— AIM OF THE EXERCISE —
Each line from the one that contains "Krzanowice, Kościelna, 5, mapa Krzanowice" to the last line of the records below must be restated word for word.

___

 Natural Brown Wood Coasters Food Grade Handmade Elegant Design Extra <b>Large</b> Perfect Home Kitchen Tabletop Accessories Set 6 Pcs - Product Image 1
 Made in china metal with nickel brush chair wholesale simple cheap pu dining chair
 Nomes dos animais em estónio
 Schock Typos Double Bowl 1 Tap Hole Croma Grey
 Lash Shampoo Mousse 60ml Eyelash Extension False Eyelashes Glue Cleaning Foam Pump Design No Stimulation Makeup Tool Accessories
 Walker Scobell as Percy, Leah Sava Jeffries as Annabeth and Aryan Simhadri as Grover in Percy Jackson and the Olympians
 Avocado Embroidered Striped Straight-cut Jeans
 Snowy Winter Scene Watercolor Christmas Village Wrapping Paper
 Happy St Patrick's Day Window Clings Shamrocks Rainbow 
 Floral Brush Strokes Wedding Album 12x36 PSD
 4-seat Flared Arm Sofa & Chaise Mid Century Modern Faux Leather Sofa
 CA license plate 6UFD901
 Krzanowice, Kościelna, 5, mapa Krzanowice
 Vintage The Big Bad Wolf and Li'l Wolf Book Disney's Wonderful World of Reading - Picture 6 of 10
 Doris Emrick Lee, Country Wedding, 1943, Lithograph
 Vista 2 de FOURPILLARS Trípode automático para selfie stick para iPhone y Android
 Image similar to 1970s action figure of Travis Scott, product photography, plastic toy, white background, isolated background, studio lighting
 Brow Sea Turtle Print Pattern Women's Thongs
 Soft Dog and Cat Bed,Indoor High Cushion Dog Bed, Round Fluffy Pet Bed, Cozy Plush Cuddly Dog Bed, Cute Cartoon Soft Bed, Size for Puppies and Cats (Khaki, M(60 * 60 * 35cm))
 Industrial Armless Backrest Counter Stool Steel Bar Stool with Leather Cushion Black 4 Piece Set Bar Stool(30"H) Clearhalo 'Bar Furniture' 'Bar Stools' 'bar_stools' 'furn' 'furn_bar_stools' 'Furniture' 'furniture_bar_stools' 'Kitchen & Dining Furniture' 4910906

___

— FINAL ANSWER —
 Krzanowice, Kościelna, 5, mapa Krzanowice
 Vintage The Big Bad Wolf and Li'l Wolf Book Disney's Wonderful World of Reading - Picture 6 of 10
 Doris Emrick Lee, Country Wedding, 1943, Lithograph
 Vista 2 de FOURPILLARS Trípode automático para selfie stick para iPhone y Android
 Image similar to 1970s action figure of Travis Scott, product photography, plastic toy, white background, isolated background, studio lighting
 Brow Sea Turtle Print Pattern Women's Thongs
 Soft Dog and Cat Bed,Indoor High Cushion Dog Bed, Round Fluffy Pet Bed, Cozy Plush Cuddly Dog Bed, Cute Cartoon Soft Bed, Size for Puppies and Cats (Khaki, M(60 * 60 * 35cm))
 Industrial Armless Backrest Counter Stool Steel Bar Stool with Leather Cushion Black 4 Piece Set Bar Stool(30"H) Clearhalo 'Bar Furniture' 'Bar Stools' 'bar_stools' 'furn' 'furn_bar_stools' 'Furniture' 'furniture_bar_stools' 'Kitchen & Dining Furniture' 4910906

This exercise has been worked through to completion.